Nem era preciso o mensalão ou, agora, o petrolão para fazer uma constatação tão óbvia.
Bastava
saber, por exemplo, que Dirceu admitiu à revista "Piauí", em 2008, que
prestava consultoria ao bilionário mexicano Carlos Slim, um dos três
homens mais ricos do mundo, segundo a revista "Forbes".
A
esquerda, inclusive muitos ou todos que assinam o manifesto, sempre
denunciou a maneira como se enriquece no México (ou no Brasil).
Um idealista de verdade jamais prestaria serviços a esse tipo de empresário.
O
estranhamento não é apenas meu, mas de um fundador do PT, o cientista
político Rudá Ricci, que se afastou do partido desencantado.

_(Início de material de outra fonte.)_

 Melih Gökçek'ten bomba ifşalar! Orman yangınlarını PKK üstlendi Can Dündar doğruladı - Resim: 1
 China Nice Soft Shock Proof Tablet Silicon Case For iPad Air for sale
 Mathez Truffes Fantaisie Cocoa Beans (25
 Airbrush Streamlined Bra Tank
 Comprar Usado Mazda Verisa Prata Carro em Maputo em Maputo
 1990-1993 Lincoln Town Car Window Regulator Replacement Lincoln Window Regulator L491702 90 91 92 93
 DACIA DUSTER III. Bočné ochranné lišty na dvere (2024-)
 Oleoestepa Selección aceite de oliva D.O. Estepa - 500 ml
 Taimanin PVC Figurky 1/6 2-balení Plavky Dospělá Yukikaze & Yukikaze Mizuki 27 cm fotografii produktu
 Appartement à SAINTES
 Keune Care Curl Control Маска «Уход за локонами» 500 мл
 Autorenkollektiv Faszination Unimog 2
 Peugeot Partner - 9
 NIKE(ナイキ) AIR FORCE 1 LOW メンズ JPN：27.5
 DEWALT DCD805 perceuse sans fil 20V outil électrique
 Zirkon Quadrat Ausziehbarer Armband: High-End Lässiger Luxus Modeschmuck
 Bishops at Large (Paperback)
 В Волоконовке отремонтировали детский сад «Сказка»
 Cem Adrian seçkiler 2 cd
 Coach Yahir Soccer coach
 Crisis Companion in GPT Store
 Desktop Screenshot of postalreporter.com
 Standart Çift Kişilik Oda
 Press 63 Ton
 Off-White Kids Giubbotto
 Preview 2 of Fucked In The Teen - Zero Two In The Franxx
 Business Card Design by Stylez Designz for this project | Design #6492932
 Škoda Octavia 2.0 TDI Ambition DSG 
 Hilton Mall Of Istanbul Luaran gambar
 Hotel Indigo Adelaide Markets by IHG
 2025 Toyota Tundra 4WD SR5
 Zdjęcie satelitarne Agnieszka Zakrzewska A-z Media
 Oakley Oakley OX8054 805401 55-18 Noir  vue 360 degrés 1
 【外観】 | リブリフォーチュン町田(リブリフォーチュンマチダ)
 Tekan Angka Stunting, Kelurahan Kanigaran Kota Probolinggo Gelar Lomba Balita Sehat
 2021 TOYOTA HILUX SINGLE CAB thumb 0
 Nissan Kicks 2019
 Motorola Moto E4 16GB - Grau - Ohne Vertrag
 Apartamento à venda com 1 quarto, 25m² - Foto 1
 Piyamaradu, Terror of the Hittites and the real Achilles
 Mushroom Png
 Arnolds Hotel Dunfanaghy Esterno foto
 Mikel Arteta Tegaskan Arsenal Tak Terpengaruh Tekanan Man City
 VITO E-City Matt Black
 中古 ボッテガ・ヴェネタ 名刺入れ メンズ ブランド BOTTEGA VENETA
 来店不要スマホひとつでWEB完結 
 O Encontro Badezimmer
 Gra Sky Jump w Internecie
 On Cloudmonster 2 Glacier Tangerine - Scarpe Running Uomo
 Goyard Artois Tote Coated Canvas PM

Escreveu Rudá após a entrevista de Dirceu à "Piauí":
"O
grande problema não foi se expor como um megaconsultor, homem de R$ 15
mil por consultoria, ou R$ 150 mil mensais. Esta vaidade de se expor é
estranha para um ex-clandestino de esquerda. Revelar que trabalha para o
homem mais rico do mundo também é estranho para um ex-presidente do
maior partido de esquerda do país. Mas são idiossincrasias que acometem
as melhores famílias".
À
essa lucrativa "idiossincrasia" somaram-se consultorias –não
devidamente comprovadas, segundo a Polícia Federal– às maiores
empreiteiras do país.
No
tempo em que a esquerda pensava, não deixava de denunciar a
promiscuidade entre obras públicas, tocadas em geral por essas mesmas
empreiteiras, e poder público.
Hoje,
ao defender Dirceu, defende-se automaticamente a promiscuidade, como se
houvesse maracutaia do bem (as "nossas") e do mal ("as dos outros").
Os pedidos, em voz quase inaudível, para que o PT faça um reexame de suas práticas já surgiram em 2008, na esteira do mensalão.
Rudá
Ricci, por exemplo, escrevia então: "Seria fantástico se o julgamento
[do mensalão] provocasse um debate franco entre petistas e toda esquerda
tupiniquim. Mas já não tenho mais 20 anos. Não tenho motivos para
acreditar que o brilho da utopia seja mais forte que as cores reluzentes
do poder absoluto e domesticador".
Bingo, Rudá. O poder domesticou não só dirigentes do PT mas também uma fatia da intelectualidade, o que é um contrassenso: intelectual, por definição, é contestador.